- **Instructions to follow**: Every entry in the data is to be written out exactly; no picture belongs in the copy.

- **Extracted entries**:
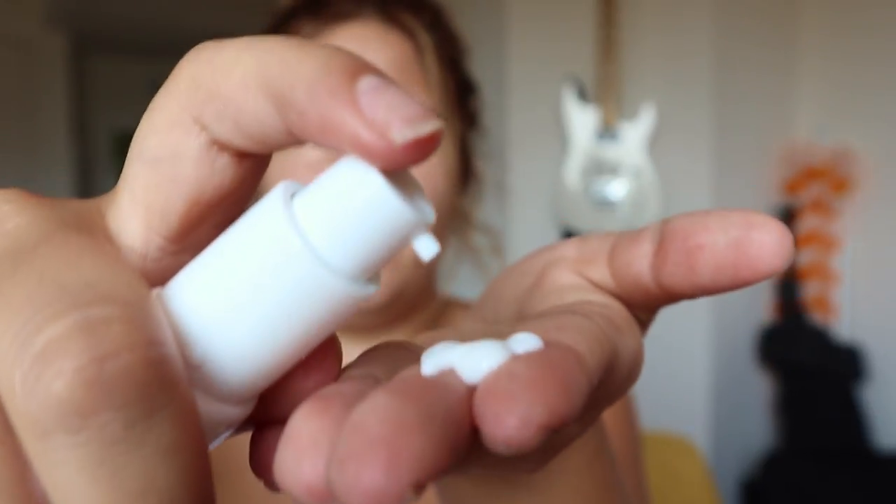I first wipe down my face with micellar water — a great option when you're in a rush in the morning. Then I put the Pixie Rose Blend oil all over my face. After that, I have two different primer options for school. If you have dry skin, you can use the Hangover Primer by Too Faced. For oily skin, there's the NYX Angel Veil, which is really good for mattifying and helps you stay matte all day long.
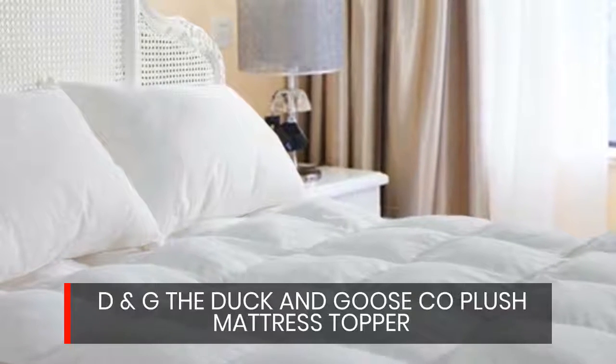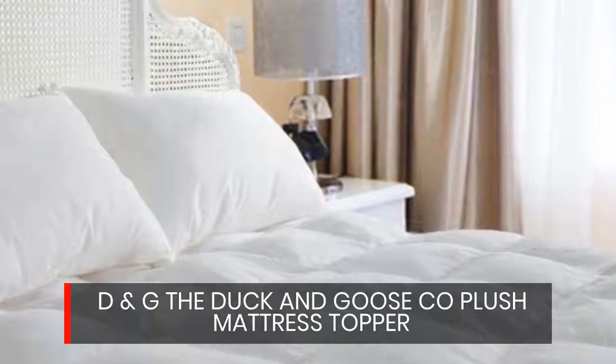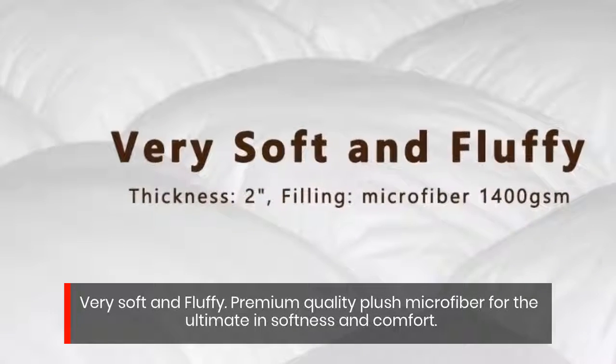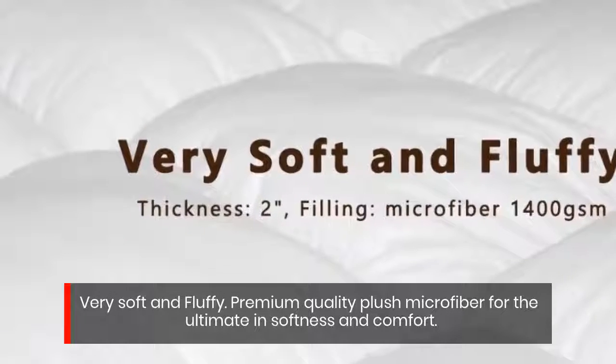D&G The Duck & Goose Co Plush Mattress Topper. Very soft and fluffy. Premium quality plush microfiber for the ultimate in softness and comfort.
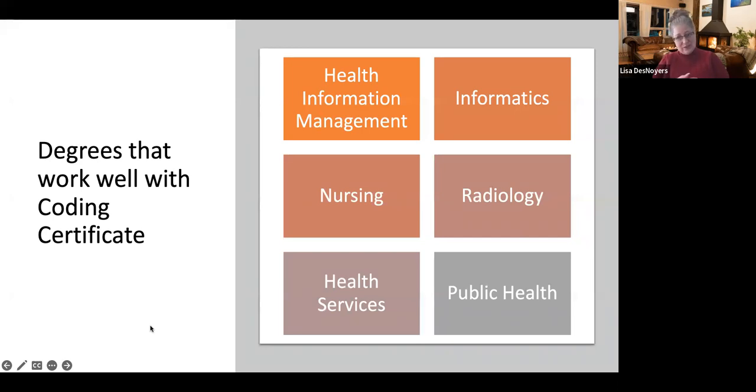Degrees that go really well with this certificate include Health Information Management, of course, because this certificate is actually the beginning portion of that degree. The Informatics degree also pairs well because it is technology-based, and students who already have a technology background hit the ground running. Nursing, radiology, and public health students already have the science prerequisites done, making them ready to jump right into coding. Health Services is a big one too — this certificate gives those students a credential going into their field so they can work quickly and exceed their management expectations.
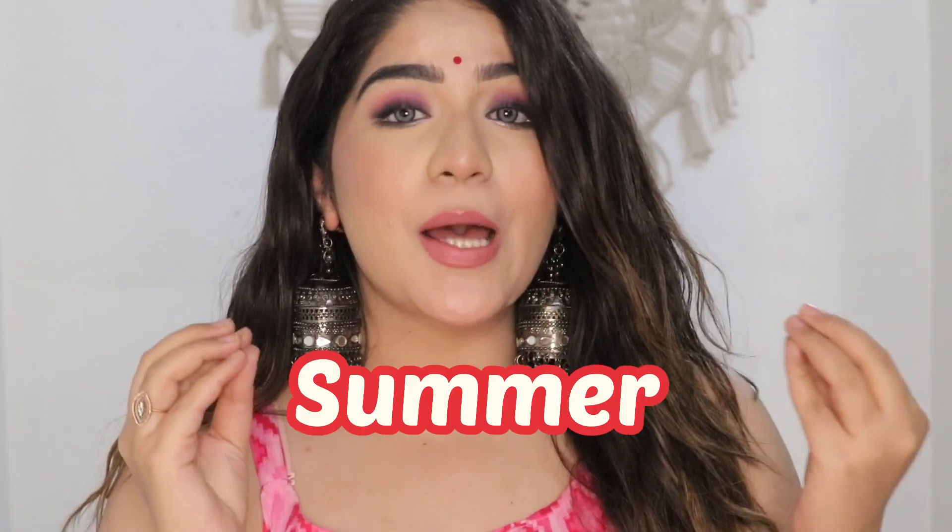Hi everyone, welcome back to my channel. So guys, I am going to share with you today's video which is going to be very affordable, plus there are so many products that you need to have in summer. If you have these products in summer, then your summer will be very gorgeous and glamorous.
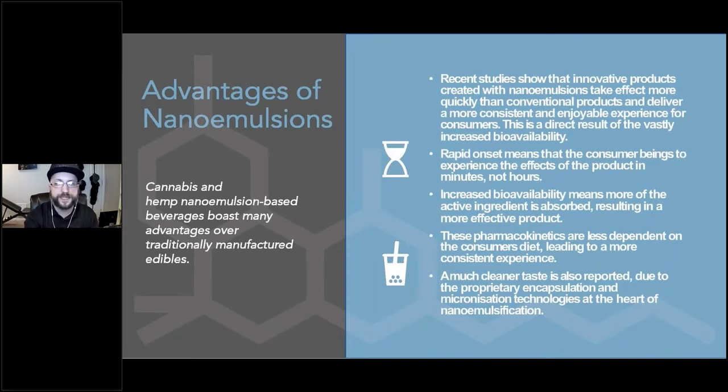Cannabinoid nanoemulsions boast tremendous stability. This benefits manufacturers by simplifying product formulation and the logistics of getting their products into stores, just as it benefits retailers by extending shelf life and mitigating product loss due to expiration. Conventionally formulated products can lead to inconsistent experiences for consumers, as the absorption of the active ingredient is in part affected by the diet of the consumer. By nanoemulsifying the active ingredients, manufacturers mitigate the impact of these variables, ensuring a consistent, predictable, and positive consumer experience. In summary, products formulated with cannabinoid nanoemulsions kick in faster, are more effective, and have an extended shelf life.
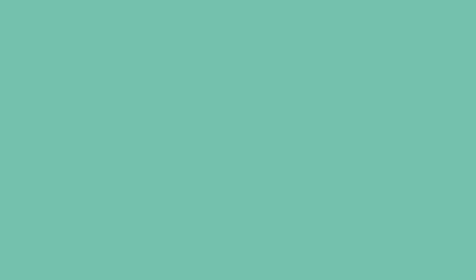So the question is, why don't we already use Micro-LED displays in our devices? Well, the simple answer is that it is way too expensive. Micro-LED is not even all that new — it's just currently extremely difficult and expensive to produce.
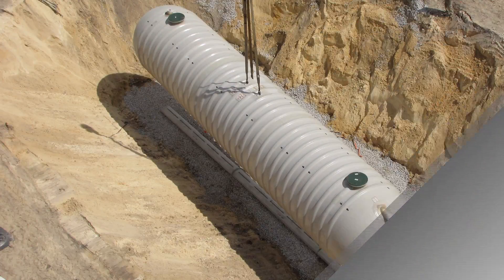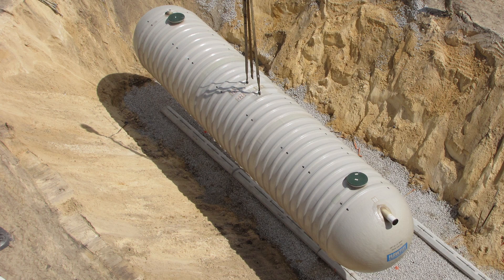The most unique thing about this building is that it has an underground containment system. What it does is it captures rainwater from the roof and it also captures condensate from the mechanical units. The reality is you want to conserve our resources and you want to reduce the CO2 output.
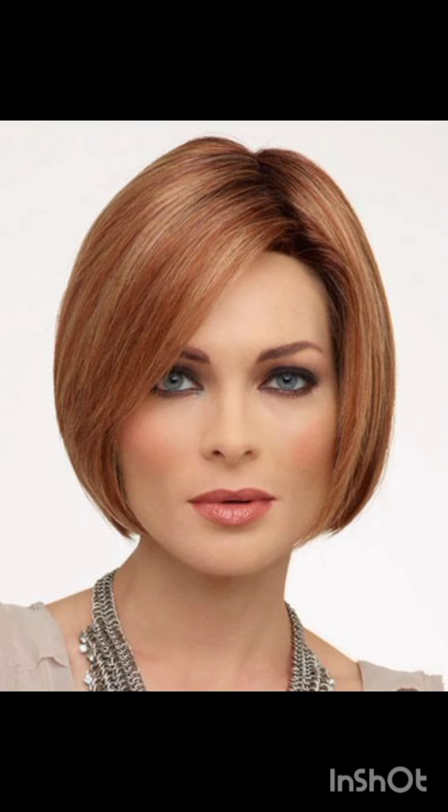Remember to have fun with accessories and let them reflect your personal style while complementing your pixie cut. If you like my video, please share it with your family, friends, and on other social media accounts. Please subscribe, like, and share my video. See you soon in the next video — take care!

- **Result of this task**:
I first wipe down my face with micellar water — a great option when you're in a rush in the morning. Then I put the Pixie Rose Blend oil all over my face. After that, I have two different primer options for school. If you have dry skin, you can use the Hangover Primer by Too Faced. For oily skin, there's the NYX Angel Veil, which is really good for mattifying and helps you stay matte all day long.
D&G The Duck & Goose Co Plush Mattress Topper. Very soft and fluffy. Premium quality plush microfiber for the ultimate in softness and comfort.
Degrees that go really well with this certificate include Health Information Management, of course, because this certificate is actually the beginning portion of that degree. The Informatics degree also pairs well because it is technology-based, and students who already have a technology background hit the ground running. Nursing, radiology, and public health students already have the science prerequisites done, making them ready to jump right into coding. Health Services is a big one too — this certificate gives those students a credential going into their field so they can work quickly and exceed their management expectations.
Hi everyone, welcome back to my channel. So guys, I am going to share with you today's video which is going to be very affordable, plus there are so many products that you need to have in summer. If you have these products in summer, then your summer will be very gorgeous and glamorous.
Cannabinoid nanoemulsions boast tremendous stability. This benefits manufacturers by simplifying product formulation and the logistics of getting their products into stores, just as it benefits retailers by extending shelf life and mitigating product loss due to expiration. Conventionally formulated products can lead to inconsistent experiences for consumers, as the absorption of the active ingredient is in part affected by the diet of the consumer. By nanoemulsifying the active ingredients, manufacturers mitigate the impact of these variables, ensuring a consistent, predictable, and positive consumer experience. In summary, products formulated with cannabinoid nanoemulsions kick in faster, are more effective, and have an extended shelf life.
So the question is, why don't we already use Micro-LED displays in our devices? Well, the simple answer is that it is way too expensive. Micro-LED is not even all that new — it's just currently extremely difficult and expensive to produce.
The most unique thing about this building is that it has an underground containment system. What it does is it captures rainwater from the roof and it also captures condensate from the mechanical units. The reality is you want to conserve our resources and you want to reduce the CO2 output.
Remember to have fun with accessories and let them reflect your personal style while complementing your pixie cut. If you like my video, please share it with your family, friends, and on other social media accounts. Please subscribe, like, and share my video. See you soon in the next video — take care!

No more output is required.